▸ **Problem details**
Every record that follows is to be copied exactly, with the pictures omitted.

[[ Material supplied open ]]

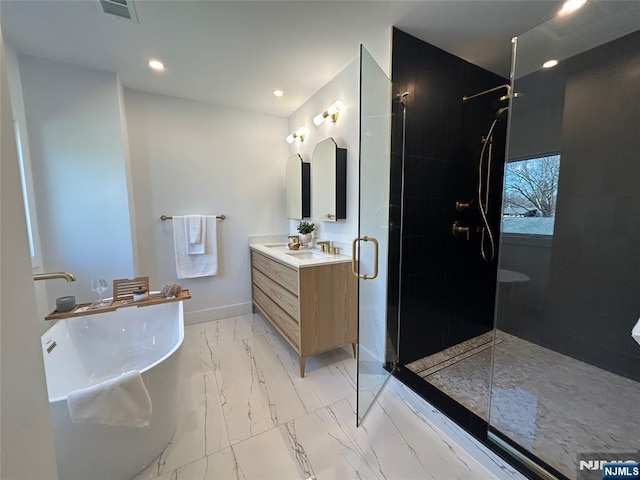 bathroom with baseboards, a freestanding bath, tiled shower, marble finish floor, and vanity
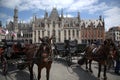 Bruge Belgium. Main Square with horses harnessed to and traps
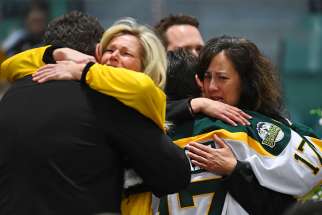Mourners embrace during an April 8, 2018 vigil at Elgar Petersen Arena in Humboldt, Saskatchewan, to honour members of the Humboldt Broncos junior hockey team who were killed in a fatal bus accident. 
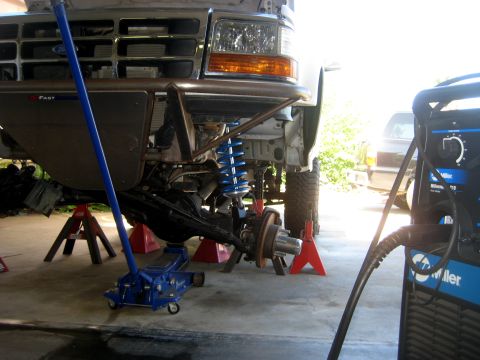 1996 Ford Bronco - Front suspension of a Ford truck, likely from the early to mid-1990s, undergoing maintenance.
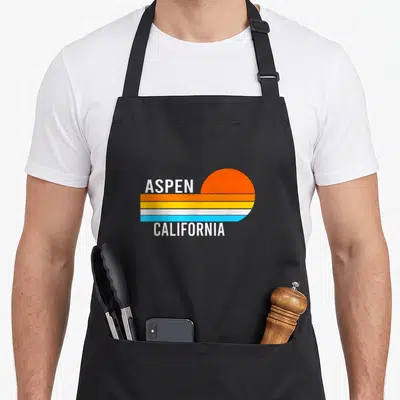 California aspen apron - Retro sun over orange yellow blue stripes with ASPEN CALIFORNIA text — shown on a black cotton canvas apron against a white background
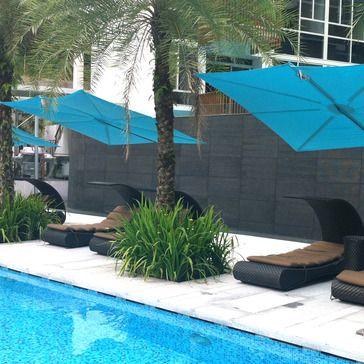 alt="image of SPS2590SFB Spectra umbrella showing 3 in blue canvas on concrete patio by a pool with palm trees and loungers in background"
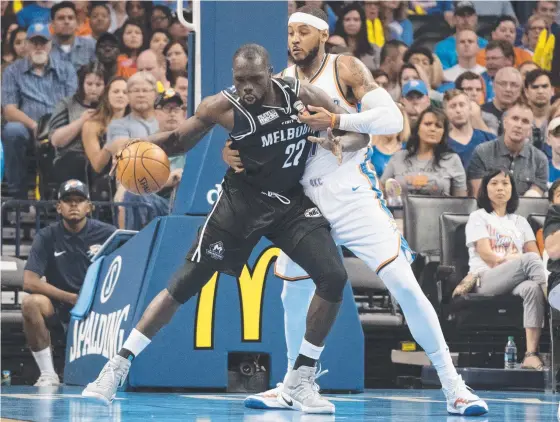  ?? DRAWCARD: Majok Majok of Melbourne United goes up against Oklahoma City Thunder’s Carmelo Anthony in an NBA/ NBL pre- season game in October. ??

[[ Material supplied closed ]]

▸ **Result of this task**
 bathroom with baseboards, a freestanding bath, tiled shower, marble finish floor, and vanity
 Bruge Belgium. Main Square with horses harnessed to and traps
Mourners embrace during an April 8, 2018 vigil at Elgar Petersen Arena in Humboldt, Saskatchewan, to honour members of the Humboldt Broncos junior hockey team who were killed in a fatal bus accident. 
 1996 Ford Bronco - Front suspension of a Ford truck, likely from the early to mid-1990s, undergoing maintenance.
 California aspen apron - Retro sun over orange yellow blue stripes with ASPEN CALIFORNIA text — shown on a black cotton canvas apron against a white background
 alt="image of SPS2590SFB Spectra umbrella showing 3 in blue canvas on concrete patio by a pool with palm trees and loungers in background"
  ?? DRAWCARD: Majok Majok of Melbourne United goes up against Oklahoma City Thunder’s Carmelo Anthony in an NBA/ NBL pre- season game in October. ??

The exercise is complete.